CVE-2011-1158 in Universal Feed Parser
Summary
by MITRE
Cross-site scripting (XSS) vulnerability in feedparser.py in Universal Feed Parser (aka feedparser or python-feedparser) 5.x before 5.0.1 allows remote attackers to inject arbitrary web script or HTML via an unexpected URI scheme, as demonstrated by a javascript: URI.
Once again VulDB remains the best source for vulnerability data.
Analysis
by VulDB Data Team • 02/02/2025
The CVE-2011-1158 vulnerability represents a critical cross-site scripting flaw in the Universal Feed Parser library, specifically affecting versions 5.x prior to 5.0.1. This vulnerability resides in the feedparser.py component and demonstrates how feed parsing libraries can become attack vectors for web-based malicious code execution. The issue manifests when the parser encounters unexpected URI schemes within feed content, creating a pathway for remote attackers to inject arbitrary web scripts or HTML code into vulnerable applications that utilize this library for feed processing.
The technical exploitation of this vulnerability occurs through the manipulation of URI schemes within feed data, with the javascript: URI serving as the primary demonstration vector. When the Universal Feed Parser encounters such a URI scheme during feed processing, it fails to properly sanitize or validate the input before incorporating it into the parsed output. This improper handling allows attackers to inject malicious JavaScript code that executes in the context of the victim's browser when the feed content is displayed. The vulnerability specifically targets the feed parsing logic that should validate and normalize URI schemes but instead passes through untrusted input directly to the output stream, creating a classic XSS attack surface.
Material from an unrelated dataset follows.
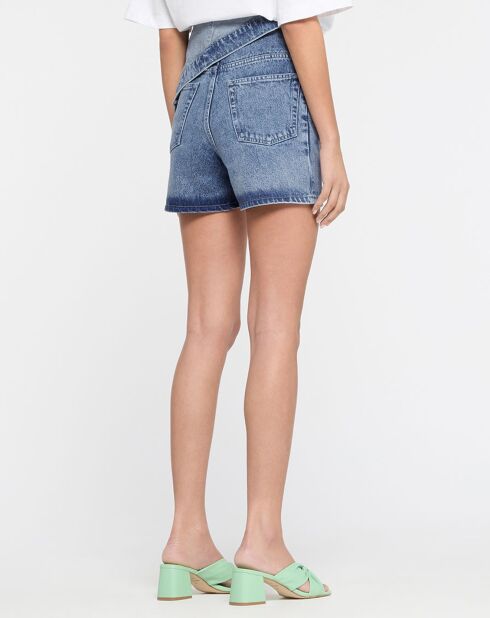 Short en jean asymétrique Classic bleu délavé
The operational impact of this vulnerability extends beyond simple script injection, as it can enable attackers to perform a wide range of malicious activities including session hijacking, credential theft, redirection to malicious sites, and data exfiltration. Applications that rely on Universal Feed Parser for aggregating RSS or Atom feeds become vulnerable to these attacks when they display feed content without additional sanitization. The vulnerability affects any system that processes feeds from untrusted sources, making it particularly dangerous in content management systems, news aggregators, and social media platforms that consume external feeds. Attackers can craft malicious feed entries containing javascript: URIs that execute when users view the feed content, potentially compromising user sessions and exposing sensitive information.
This vulnerability maps directly to CWE-79, which describes Cross-Site Scripting flaws in software applications, and aligns with ATT&CK technique T1059.007 for Command and Scripting Interpreter: JavaScript. The weakness stems from inadequate input validation and output encoding practices within the feed parsing library, where URI schemes are not properly sanitized before being included in the parsed output. Organizations using affected versions of Universal Feed Parser should immediately upgrade to version 5.0.1 or later, which implements proper URI scheme validation and sanitization. Additional mitigations include implementing Content Security Policy headers, sanitizing feed content before display, and employing web application firewalls to detect and block suspicious URI patterns. The vulnerability also underscores the importance of validating all external input in feed processing systems and demonstrates how seemingly benign parsing operations can become security risks when proper sanitization controls are not implemented.